In a moment of utter stupidity I bought an Apple II sometime in the late 70's. There was a shop at street level in the Swanson Towers building where I worked.
After a particularly dull morning with the drongos who ran the Labour Dept back then, I splurged out a couple of grand (you could still buy a house on the less salubrious parts of the Auckland isthmus for that).
Never again.Like so much that continues to this day with this company's products, marketing buzz was more important than utility. It worked OK as a typewriter oops sorry "word processor", but couldn't match the contemporaneous x86 processors that were being put out by IBM or, most importantly; Wang who used a 16bit data bus on the 8086 based system. It was a killer word processor and Multiplan was great if incompatible with everyone else.
However the special 16bit lotus 123 run on that slayed every other iteration of that spreadsheet app.
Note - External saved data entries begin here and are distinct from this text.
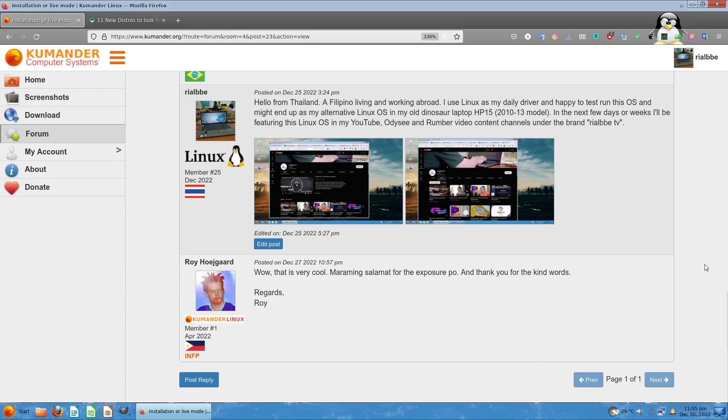There's a lot of information here and people helping each other. There's a comment that says 'That's me! Wow that's very cool, maraming salamat for the exposure, regards Roy.' This is the developer. I'm also Filipino working abroad in Thailand right now, and I'm using Linux as my daily driver.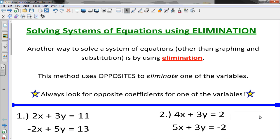This video is about systems, but now we're going to use a different method called elimination. Instead of plugging one variable in for another, we're going to look for two variables of the same value — for instance 3x positive and 3x negative — so when you combine them they cancel each other out. 3x plus negative 3x cancel out and the x disappears.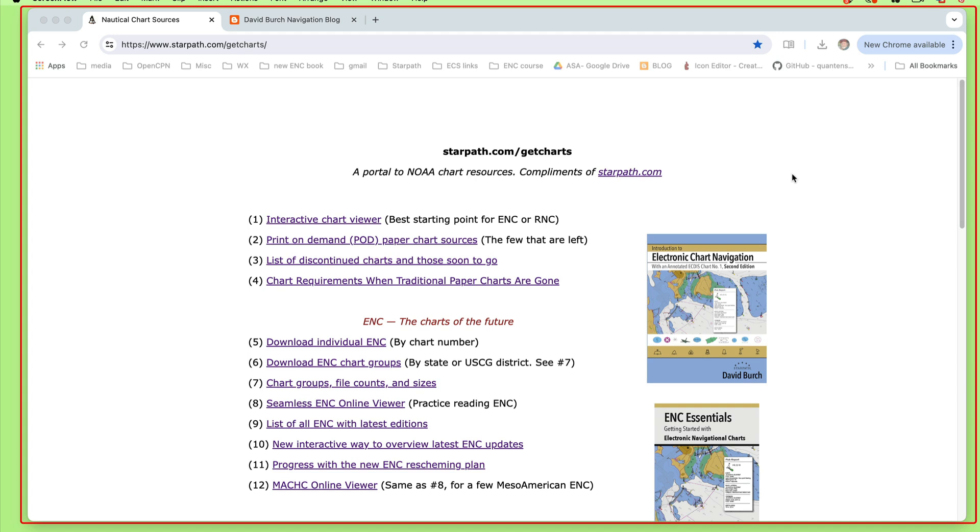Hello, this is another note in a sequence of short videos I'm making on how we live in a new charting era when traditional paper charts have all been discontinued. Most of them are gone now, and the presumption is we will move on to using ENC, electronic navigational charts, or we will make our own paper charts from the latest ENC data using the NOAA custom chart app, which is discussed elsewhere.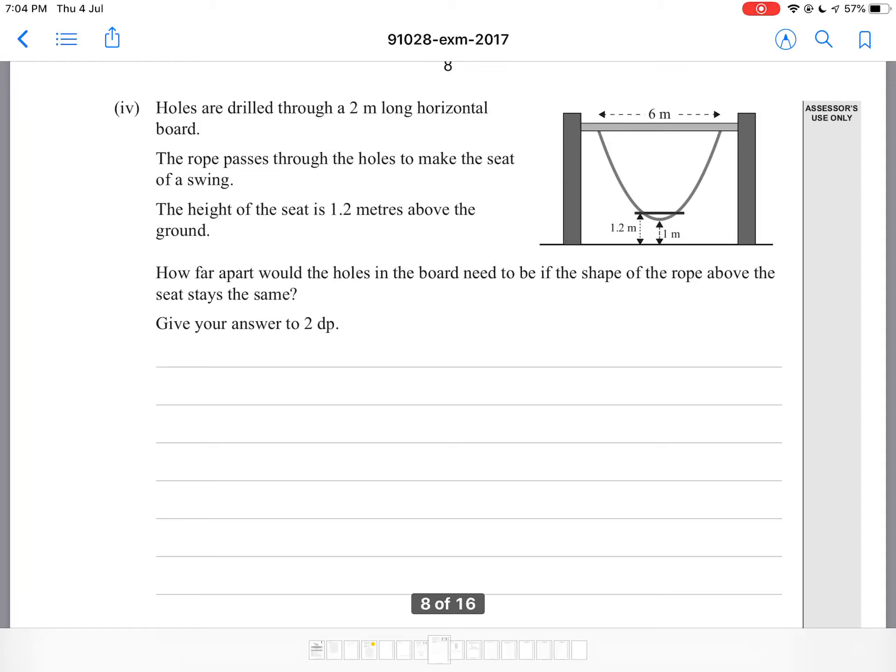Hey guys, welcome to part 2 for the 2017 Level 1 Tables and Equations Graphs. I'm going to continue back on from where we left off.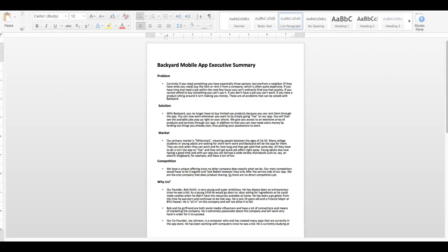Aloha class, welcome to the tutorial on how to design your executive summary. What I have here is a mock executive summary for the backyard mobile app, which allows you to rent out the items in your backyard or rent other people's backyard items.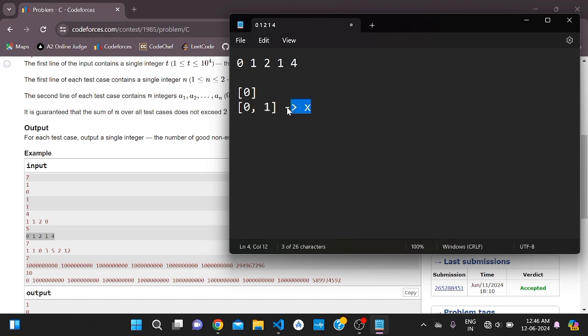Now we take [0, 1, 2]. The sum of 0 and 1 is not equal to 2, so we cannot take this prefix either. Then we try [0, 1, 2, 1].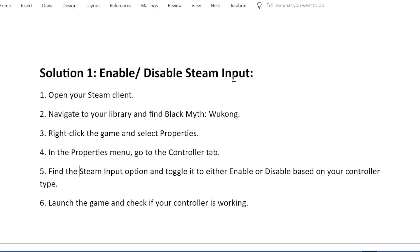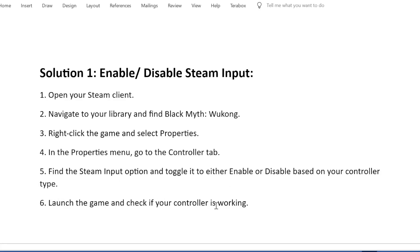Solution 1: Enable or Disable Steam Input. Open your Steam client. Navigate to your library and find Black Myth: Wukong. Right-click the game and select Properties. In the Properties menu, go to the Controller tab. Find the Steam Input option and toggle it to either Enable or Disable based on your controller type. Launch the game and check if your controller is working.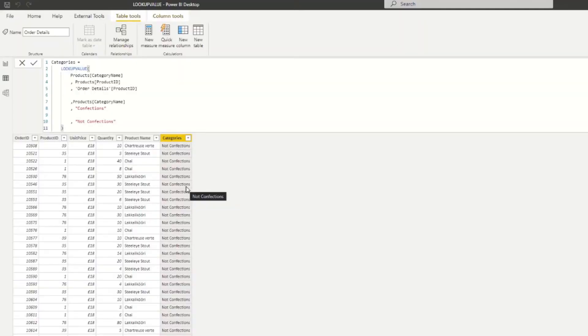Now I want to show you how to do the same thing more easily using relationships. Personally, I don't use LOOKUPVALUE that much because it's a bit slower than the alternative, and it's limited in what you can do. For example, you can't use expressions as the result value — you always have to return a single column without any calculations on it. Let me show you where this limitation shows up with an example.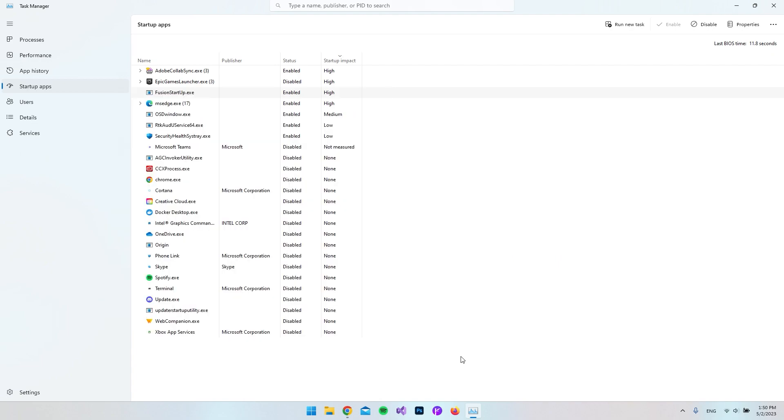So I hope it was not too confusing. If you have some more tricks to how you can start up your computer even faster, then please write it in the description. And else just have a nice day. Bye.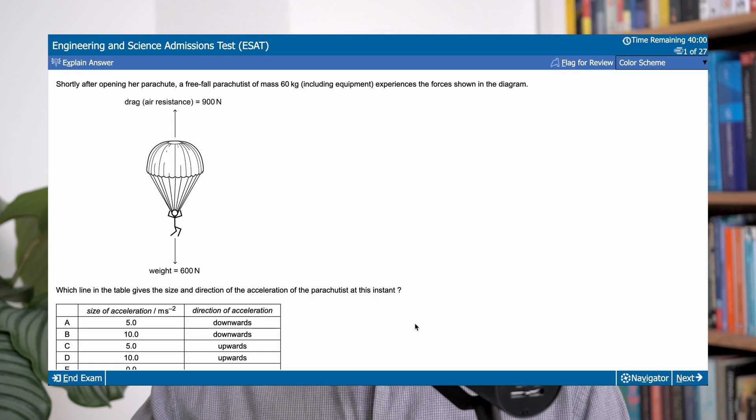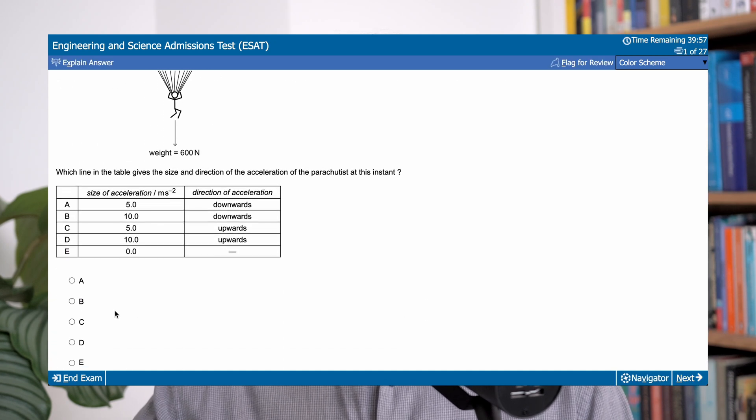There are some official ESAT past paper resources available on the Pearson VUE website, namely a set of practice papers and a set of specimen papers. Somewhat confusingly, these are different. The practice papers are drawn entirely from past NSAA and ENGA questions, although they have been specifically selected for their relevance to the modern ESAT. Students who will be working through many NSAA and ENGA past papers therefore may like to skip this resource. The specimen papers are all original questions written specifically for the ESAT, and so these provide some of the most realistic preparation resources available.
I used to do all my grunt work on a Wang in multiplan, import the csv's into Lotus then export the result into an IBM to edit and add graphics. And no, one Apple could not have 'done it all' Number crunching was slow and precarious on apples back then.Since the Apple II I have never used Apple; not because its products are made in concentration cum work camps, but because I know that whatever they are selling will always be available in better a form factor (ie free from restrictive conditions) for less elsewhere.
As Henry Ford pointed out a long time ago, you can make a reasonable quid shooting for the top end of the markets where dilettantes fret over matching their keyboard to the drapes, but the most profitable business is that which considers the masses, the hoi polloi, to be their number one customer. Apple appear to be going after us plebs at the moment so doubtless the form ahead of function types will find someone else to adore. -
Lucy Stewart, in reply to
Sure helps if you remember what monochrome command line interfaces were like; must mystify the young just like the wifi demo in Russell's story.
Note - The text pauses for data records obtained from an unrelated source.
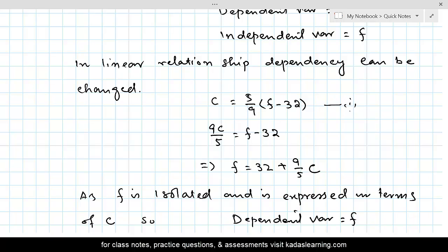The variable expressed in terms of the other is called the dependent variable, and the one appearing on the right side inside the equation or function is called the independent variable. If the data is expressed in tabular form, the variable whose values appear in the first position of the pair is called the independent variable, and the variable whose values appear in the second position is called the dependent variable.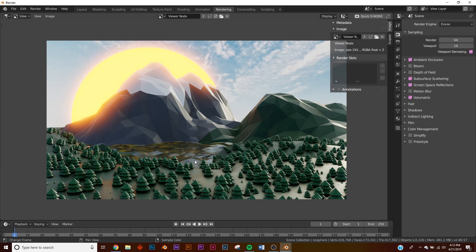To export, go back to Rendering, click Viewer Node instead of Render Result so you get the sun with its glare, then go to Image > Save As. And there you go — you've made a low poly render. It looks fun and nice. If you make it, send it to me on Instagram — I'd love to see it. Thanks for watching.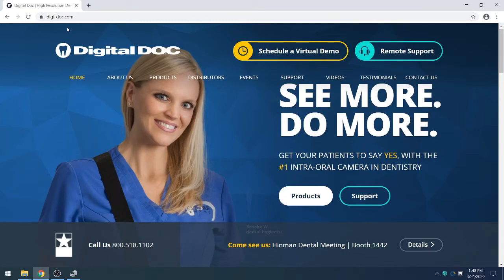Hello and thank you for choosing DigitalDoc for your intra-oral camera needs. Today we will be installing the Iris X80 for use inside of DEXIS 10.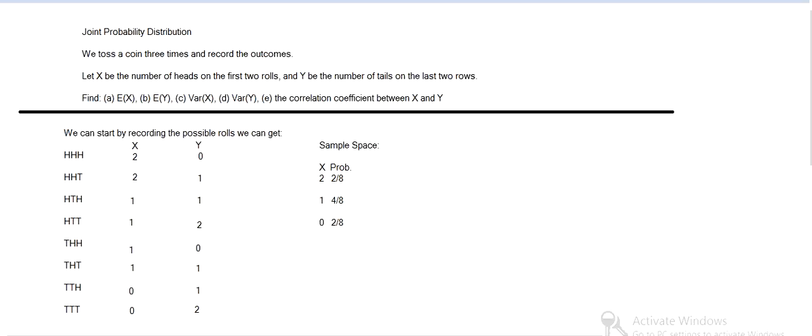And so we can list the sample space out. Like for X, that can be two or one or zero, and two and two out of eight cases, one and four out of eight, and so on. Then for Y, similarly, it could be zero, one or two, and we can list the probabilities out.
I'm juuuuuust old enough to really remember when having a computer with 256 colours was a Big Deal. I think there were a few computers running DOS at my school when I started. Apart from that...
The wifi demo still seems like a big deal when I think about it, though, That didn't really become a commonplace home thing (in houses that can afford it, anyhow) until relatively recently - kids would have to be fairly young to not remember when it was unusual.